Neither view is wrong, per se. But they are not the same. And what is apparent from this comparison is that some of the essential qualities of accounting data (consistency, comparability and comprehensibility, as well as relevance and reliability) are being lost here. And the question has to be asked as to why that is.

It seems to me that is because a) the UK government does not care and b) nor does the UK accounting profession and c) accounting standards declare this issue to be beyond their remit and so they claim to have no interest either. All suggest that this 'non-financial reporting' (which is actually financial reporting, even if they would like to claim otherwise) is outside the scope of mainstream accounting and so not an issue to trouble them.

I beg to differ. This is accounting to society. That is why the EU required it. And what the government, but having no regulator for this disclosure, and the profession in its various forms shows is contempt for society in not seeking to9 establish enforceable standards for this disclosure. I suspect that this will be another issue for the Corporate Accountability Network to address: indeed the idea for the Corporate Accountability Network came, in part, out of this work.

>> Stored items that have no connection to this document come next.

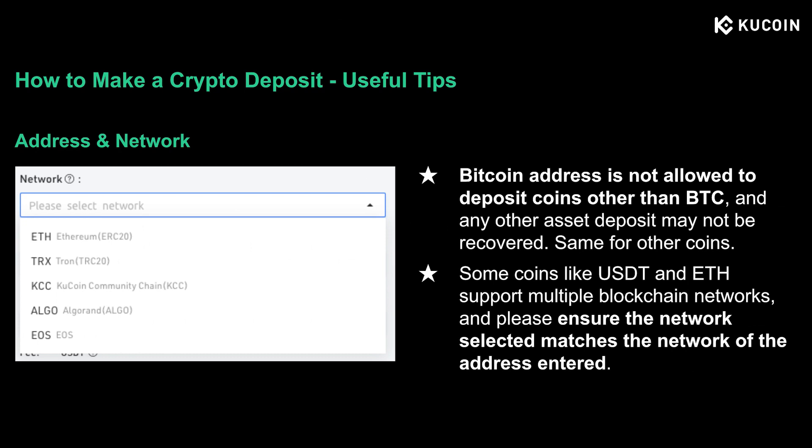I've prepared some useful tips for every new user — these are critical for your crypto asset protection. First, please bear in mind that Bitcoin addresses are not allowed to deposit coins other than BTC, since any other asset deposit may not be recovered. This rule also applies for other coins as well. In addition, tokens like USDT and ETH are supported on multiple blockchain networks, so always double-check the network you selected and make sure it matches with the network of the address you entered.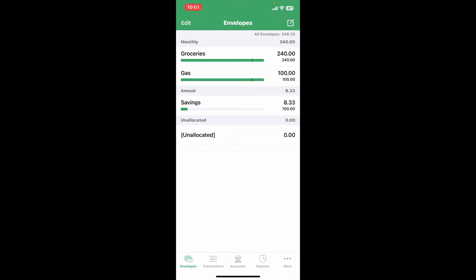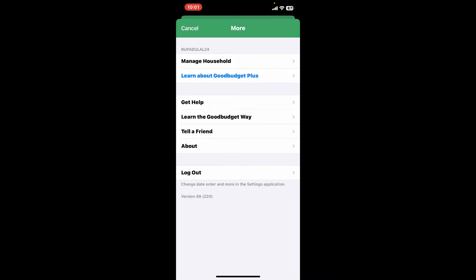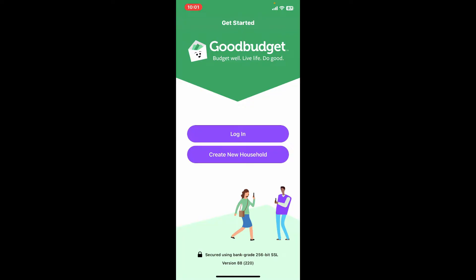this kind of interface. Go ahead and tap on the More button at the bottom right, and then tap on the Log Out button at the bottom of the More menu. Doing this will redirect you to the Get Started page of Good Budget, which means you have successfully logged out of your application.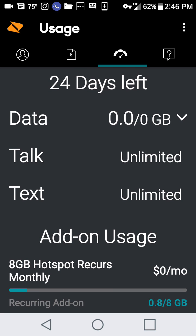It says add-on usage at the bottom. So that's pretty much what I wanted to show everyone. Thanks and have a wonderful day.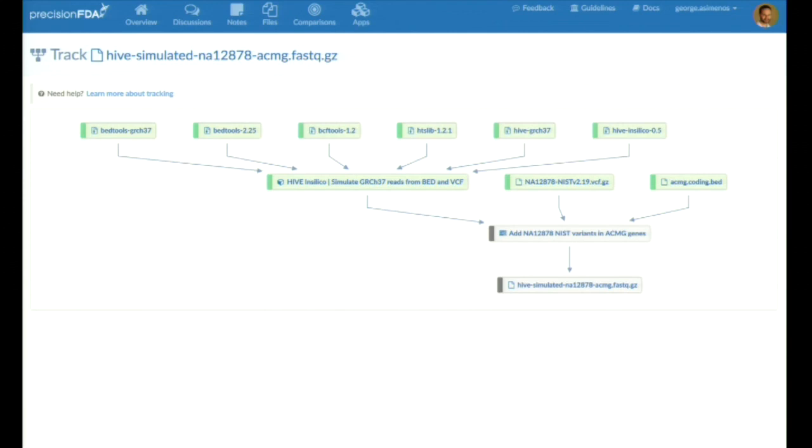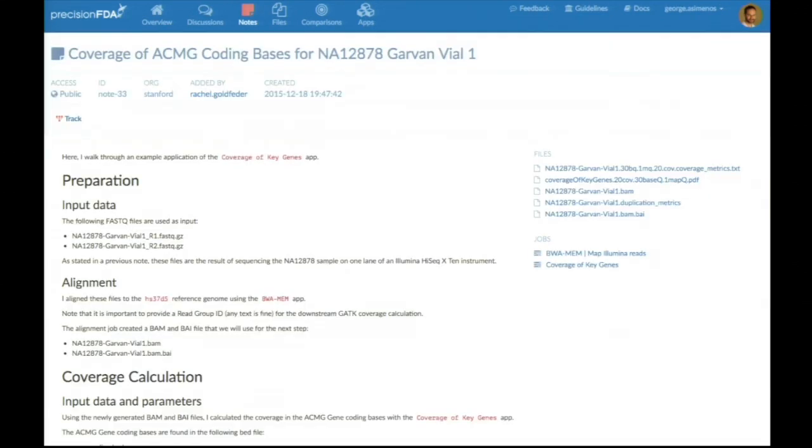Finally, when they're done with all their experimentation, they can tell the world about it by creating a note. This is an example of a note using rich text where someone describes what they've done, and on the right-hand side, they've attached artifacts such as files, or jobs, or even apps and comparisons on PrecisionFDA.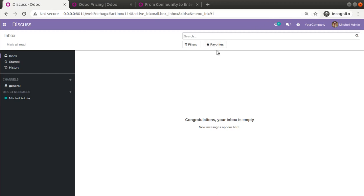Hello, good morning all. Today in this video we are going to discuss how to migrate a community database into enterprise edition. Currently on screen you are seeing Odoo version 14 Community Edition which I have installed in my local instance.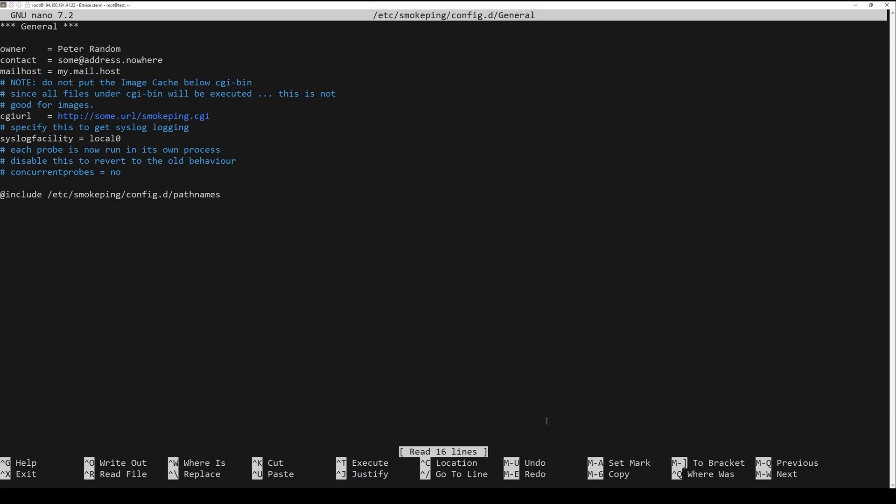Update the following clients: owner is your name or organization, contact is your contact email, CGI URL is the URL to access the web interface, you can use your IP address.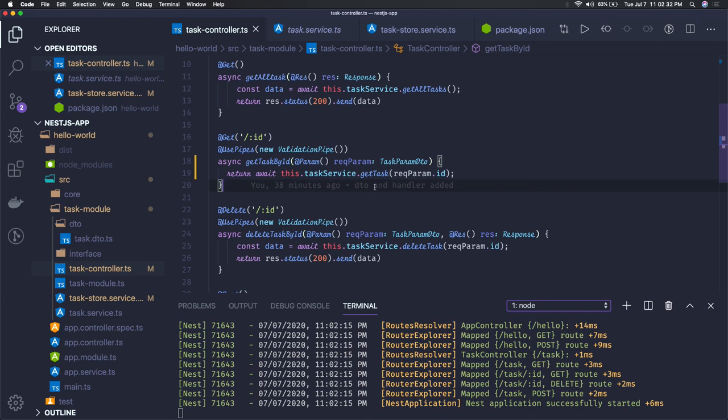We're throwing not found exception, bad request exception, internal server exception and all. So in the next video we will try to create an interceptor to handle these exceptions.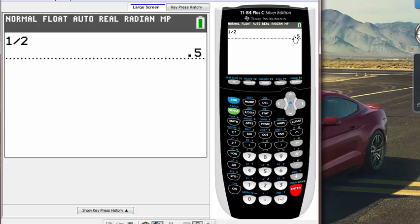Let's say you wanted to do something like 1 half times 1 fourth, or something like that. You would have to put two different fractions and add them to each other, right?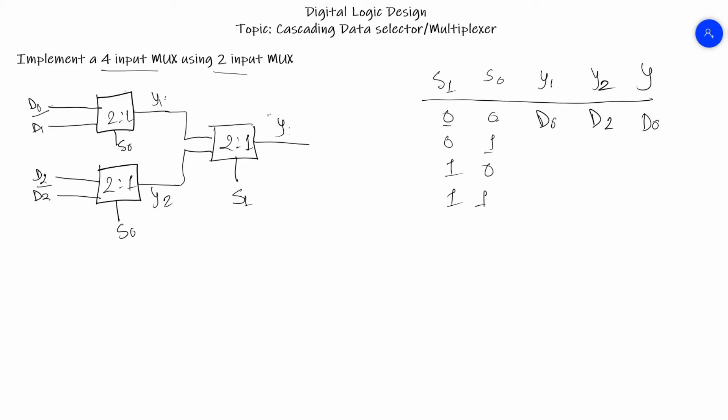This is D3. Now the later MUX is selected again to 0, so we'll have the output of Y1 as the output of Y, so it is D1.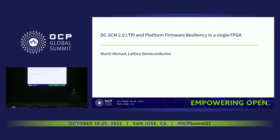Thanks a lot for allowing me to talk. My name is Munir Ahmad. I'm from Lattice Semiconductor. We have a demo in our booth over there. What is interesting about our demo is that we're showing the DCSCM LTPI, which we all know, and also some functions of the PFR — the Platform Firmware Resiliency.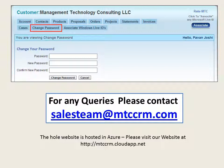This is the web portal screen to change your web portal password. For any clarifications, you may contact us at sales@mtccrm.com. Please feel free to give your feedback to help us improve and meet your expectations.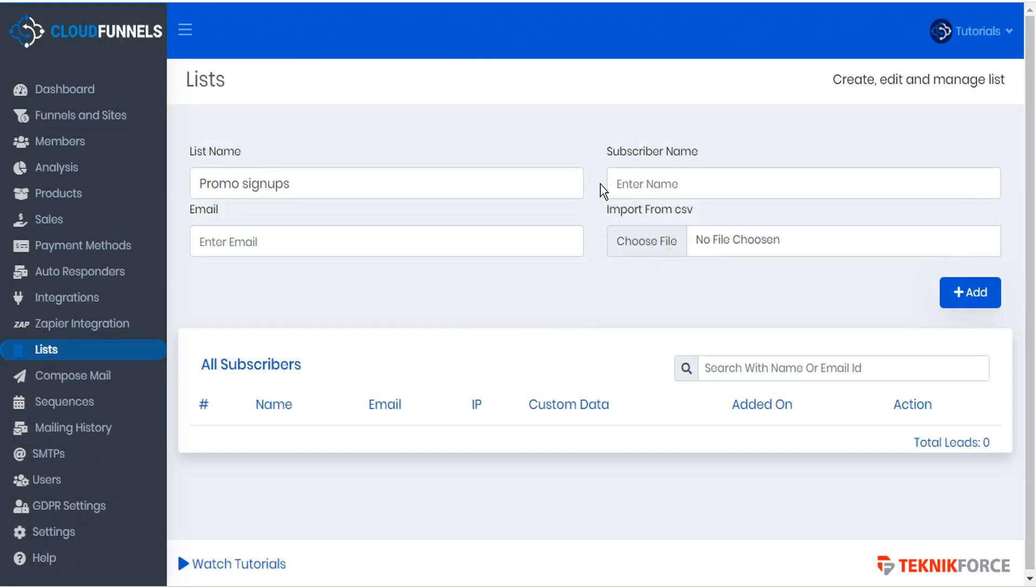If we choose to, we can manually enter the subscriber name and email. Alternately, if we already have a list in a CSV format, we can import from CSV.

Incidentally, UK banks were not alone in presenting inconsistent data. Nordic banks do as well:

However, at least Nordic banks could get their number of employees right and even when some reported turnover on a top-down basis the rest is remarkably consistent. In other words, performance significantly better than that of the UK banks is possible.

So what is missing in the UK? Willing? Ability? A profession willing to get a grip of the situation? Or a competent government? It may be all four. But it's not to our credit. And throughout the sample the need for accounting standards was readily apparent.

If this quality of so-called non-financial reporting is acceptable the profession really does have a great deal to do to ensure it remains relevant as this data becomes more significant. It's a long way from setting any acceptable standard at present.